Kelly buried the scream, instead starting to cry. “You have to help me, Alice. My finger is stuck.”

“My name isn’t Alice,” the approaching figure said. “It’s Grover.”

“I don’t care what your name is,” Kelly said, anger joining up with her pain.

“Alice was Theodore Roosevelt’s first daughter,” Grover said. “She had pretty hair.”

Then Grover stepped into the faint light of the iPod. He stood over six feet tall, and was wearing stained overalls and a faded plaid shirt. His eyes were tiny, too close together. His jaw was big, and it stuck out like Popeye’s, but his head got thinner toward the forehead, almost like a Halloween gourd. Perched crookedly on his head was a curly, blonde wig.

“Do you think I have pretty hair?” the grown man said, still using the voice of a little girl. He touched one of the curls.

Then he yelped like a hurt dog.

Kelly began to scream, but Grover put a big, rough hand over her mouth and nose, holding it there and giggling hehehehe like a five-year old.

Kelly kicked and punched and struggled to take a breath.

But he wouldn’t let her.

# # #

Mal gripped Deb’s arm, first pushing her off balance, then steadying her.
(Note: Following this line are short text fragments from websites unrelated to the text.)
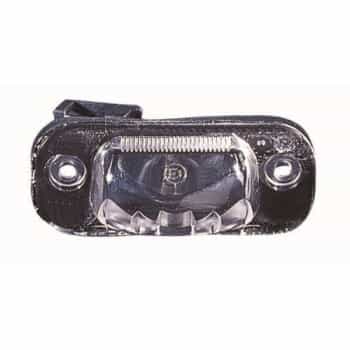 Lámpara de matrícula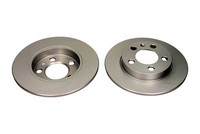 X2 VW T. A3/GOLF4 Bremsscheibe MIT Antikorrosionsbeschichtung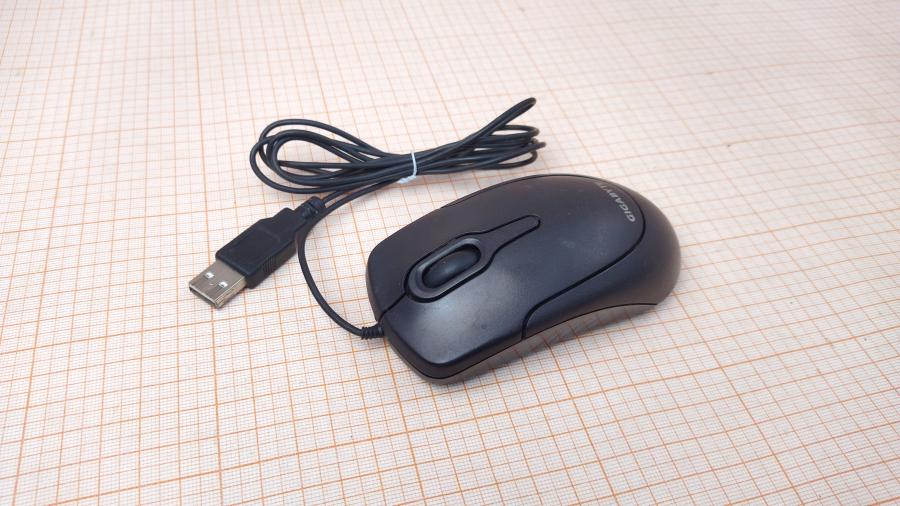 114-710-001 Мышь проводная GIGABYTE KM5200 #1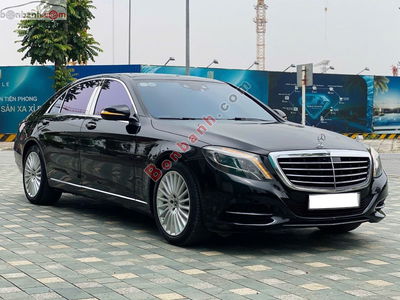 Xe Mercedes Benz S class S400L 2016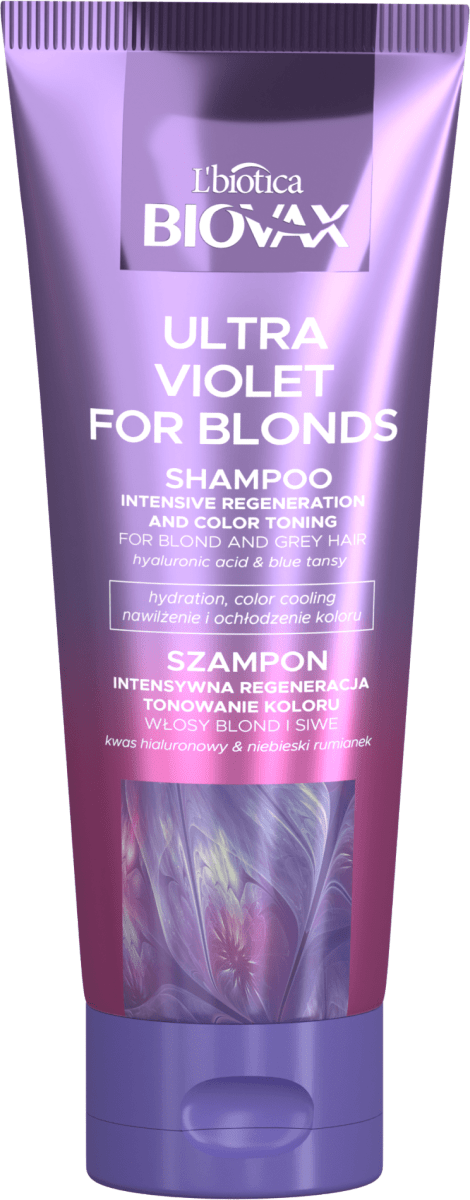 szampon do blond włosów biovax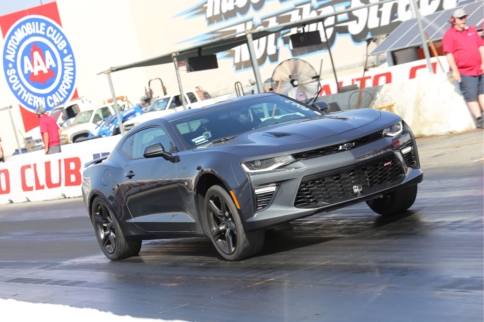Pony Wars: After $5K In Mods The Camaro vs. Mustang Battle Is Tight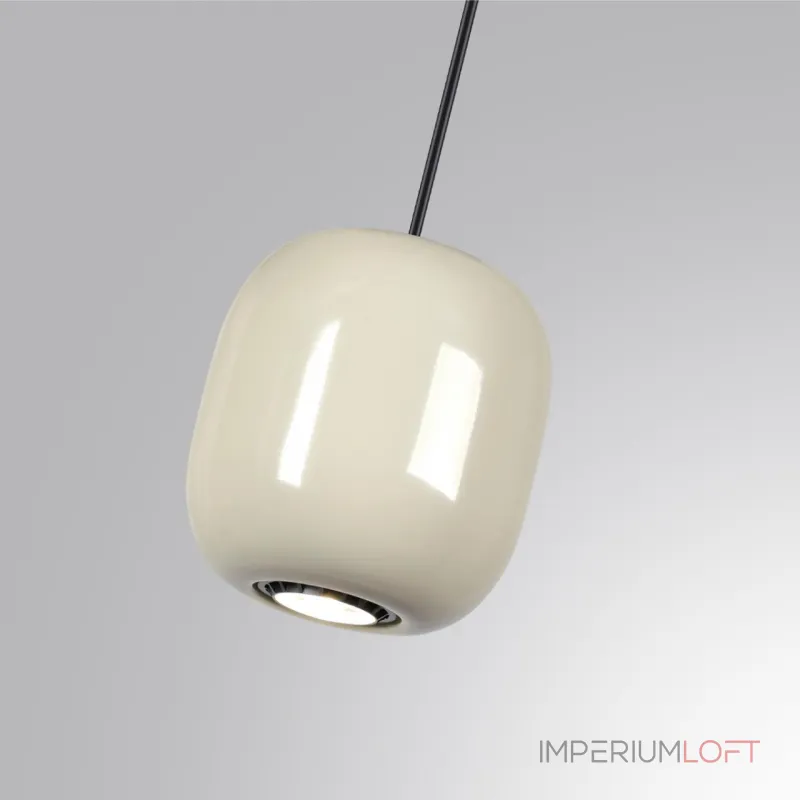 Подвесной светильник Odeon Light PENDANT ODL24 311 5053/1A GU10 LED 4W OVALI Белый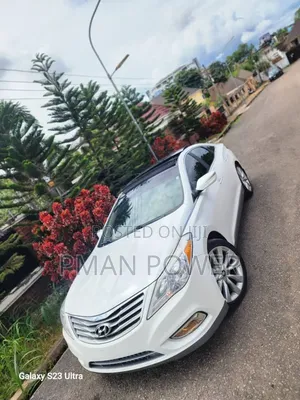 Hyundai Azera 2015 White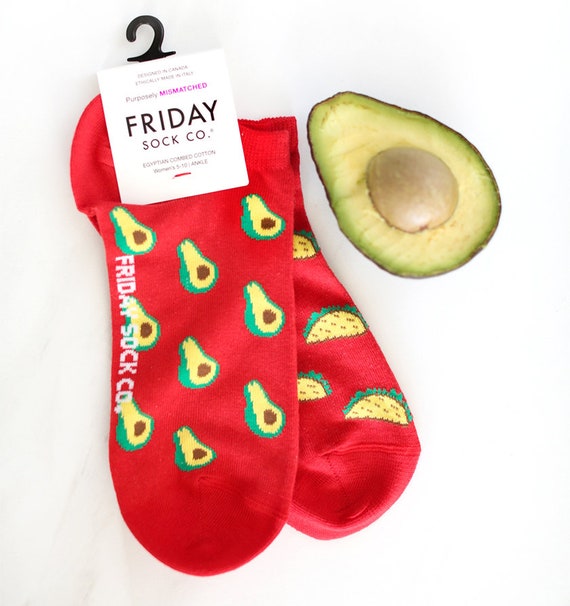 avocado trainer socks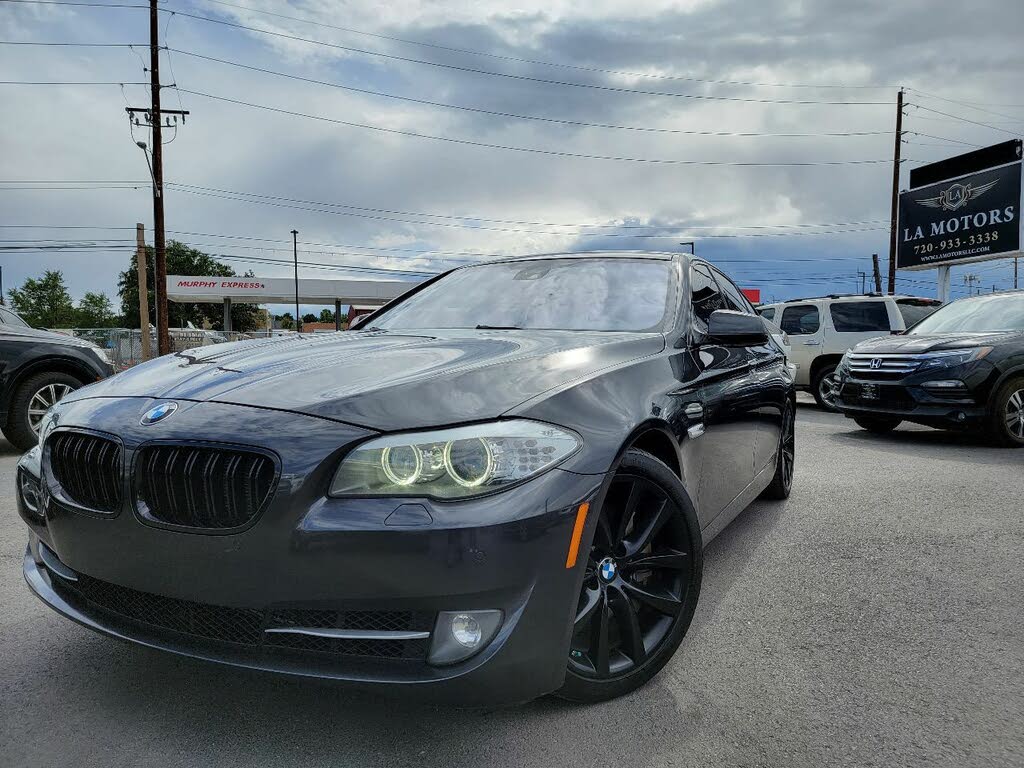 2011 BMW 5 Series 535i Sedan RWD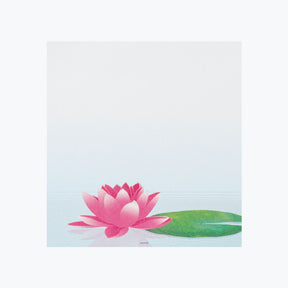 Midori - Letter Set - Kami - Water Lily Reflection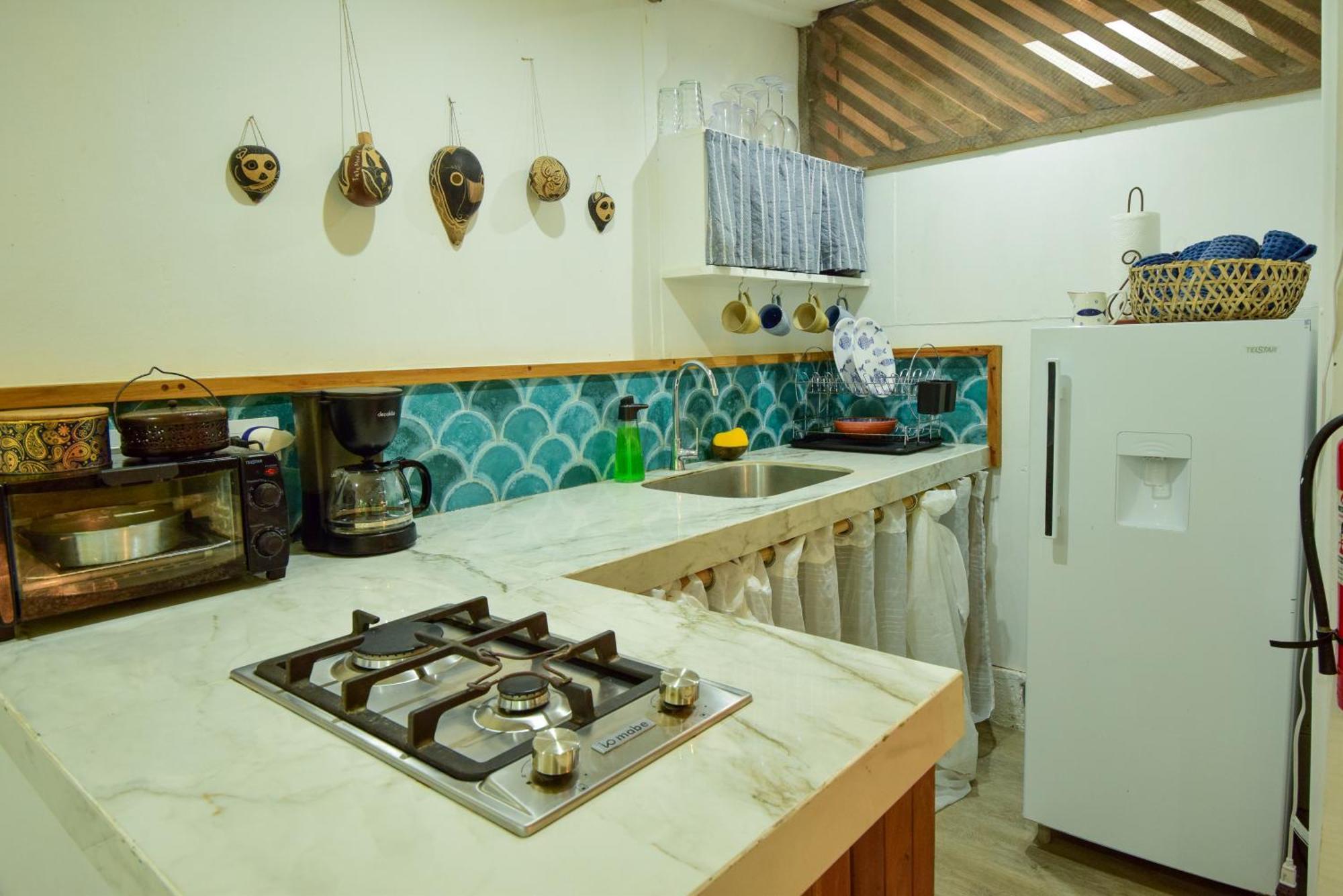 Mini Up! Acogedora Casita Para 2 Personas Con Ac Cocles Bagian luar foto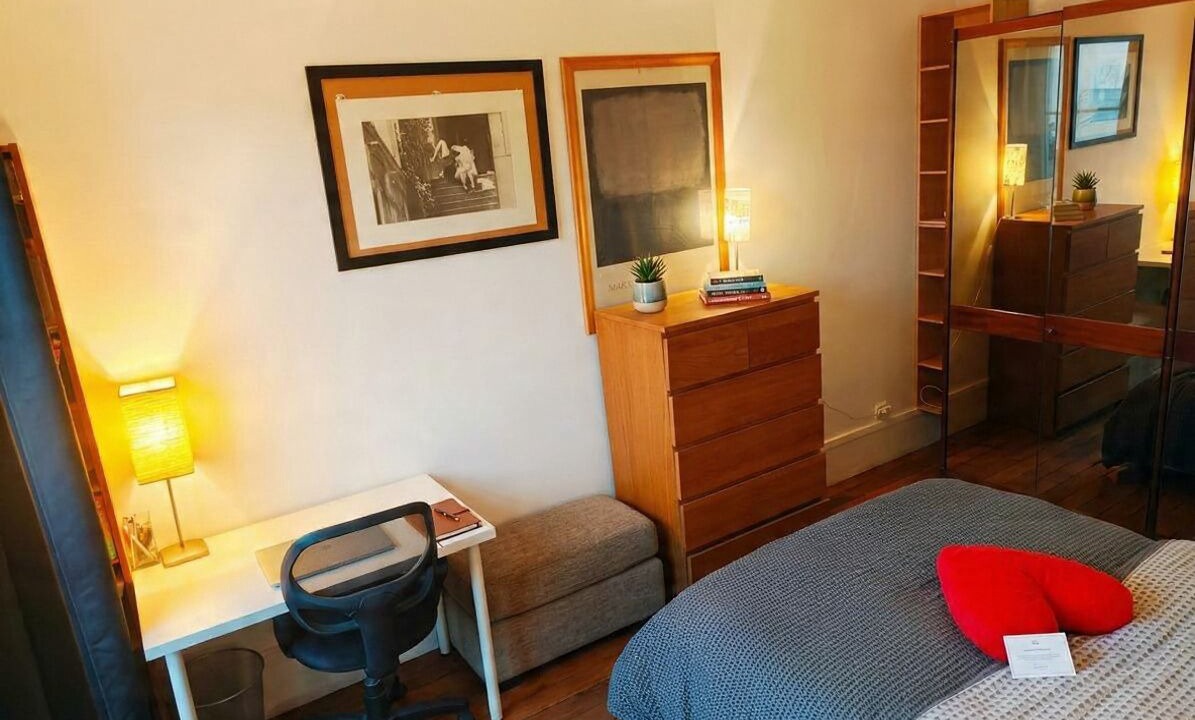 Photo of Bedroom in Montmartre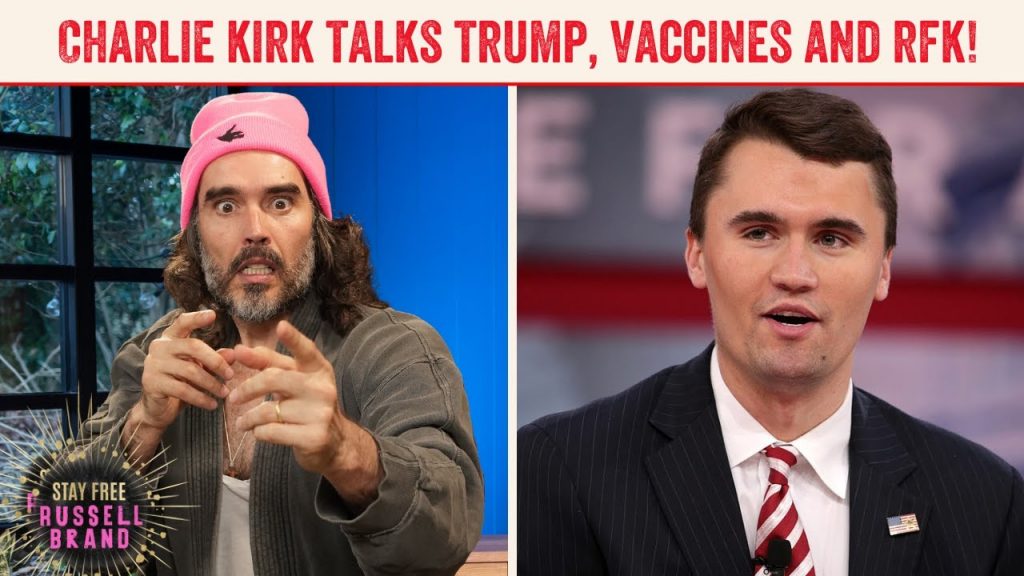 “Trump Was LIED To About the Covid Vaccine!” Charlie Kirk on Trump, Vaccines, RFK and War- #326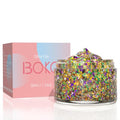 Boko 50ML Chunky Glitter Gel - Gold Purple Green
The darkness felt like a weight pressing down on Deb, threatening to push her into the earth.

“Where is it?” he whispered.

“Bushes,” Deb said.

She’d seen the deadly, gold eyes of the cougar a second ago, but they’d retreated into the black.

“You sure?” Mal asked. “I don’t see anything.”

“Smell that?”

Mal sniffed the air. “Rank.”

It was an odor Deb would never forget. “Big cat smell. Back up slowly. And let go of my arm—you’re gonna knock me over.”

Mal released her. Deb had no problem walking backwards in the Cheetah prosthetics on flat land, but the wooded terrain proved difficult. All she could think of was being batted around like a ball of yarn, each swipe of the cat’s hooked claws digging into her skin and sending her rolling across the ground. She had scars all over her body from such an experience. In a way, it was even worse than shattering her legs.

Deb was so worried about the mountain lion springing on her, she wasn’t paying close enough attention to her footing. Two steps later she was tipping backward, her arms pinwheeling to regain balance.

Mal caught her shoulders, held her steady until she could get her feet under her.

“Thanks,” she managed.

“You sure there’s a cougar?”

“I’m sure.”

“How sure?”

Deb didn’t like his doubt. She’d seen the lion’s eyes. Seen them as clearly as she was looking into Mal’s.

But then, Mal had been pretty sure their tire had been shot out, and he’d apparently been wrong there. So his questioning was no more than...

“You must be Deborah Novachek, and that reporter fellow.”

The voice came from the same bushes Deb had seen the cat. It was a female voice, friendly enough.

“You don’t happen to see a mountain lion around, do you?” Mal asked.

Deb frowned at him. Mal shrugged.

“A mountain lion?” the woman said. “Heavens, no. Though they are known to hunt in these parts. Y’all had better come inside. I’m Eleanor Roosevelt, the owner of the inn.”

Eleanor stepped through the bushes, and Deb played the pen light across her. She was a large woman, and carried herself in a strong, sturdy way that belied her advanced age.